### [Aim of the exercise]
The needed output is the run of lines below from the one containing "Courbe de la" through the one containing "English Worksheet: THE WEATHER", copied exactly and free of pictures.

### [Material supplied]

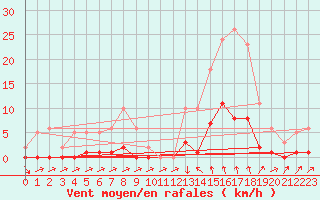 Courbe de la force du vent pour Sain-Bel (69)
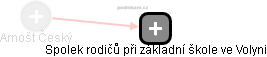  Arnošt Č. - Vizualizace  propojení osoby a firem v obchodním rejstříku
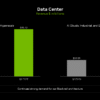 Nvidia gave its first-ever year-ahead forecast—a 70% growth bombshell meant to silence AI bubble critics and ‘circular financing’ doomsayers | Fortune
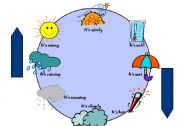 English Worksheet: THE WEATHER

* * *

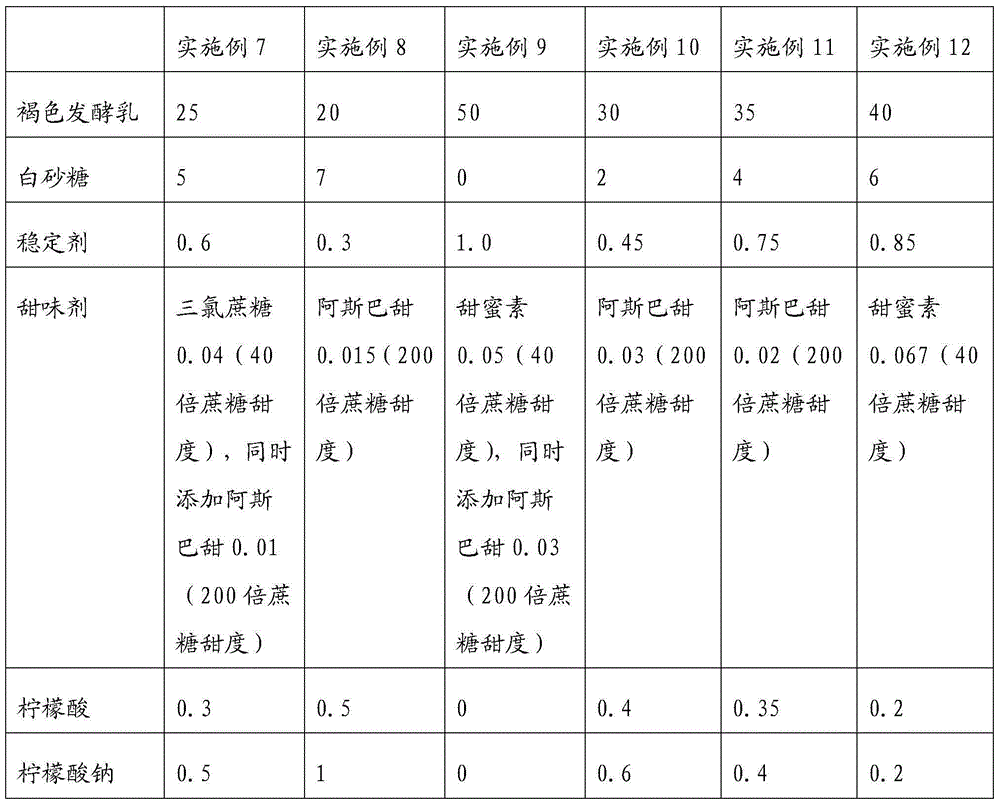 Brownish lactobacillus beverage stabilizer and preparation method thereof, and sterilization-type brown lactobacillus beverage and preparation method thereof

### [Answer box]
 Courbe de la force du vent pour Sain-Bel (69)
  Arnošt Č. - Vizualizace  propojení osoby a firem v obchodním rejstříku
 Nvidia gave its first-ever year-ahead forecast—a 70% growth bombshell meant to silence AI bubble critics and ‘circular financing’ doomsayers | Fortune
 English Worksheet: THE WEATHER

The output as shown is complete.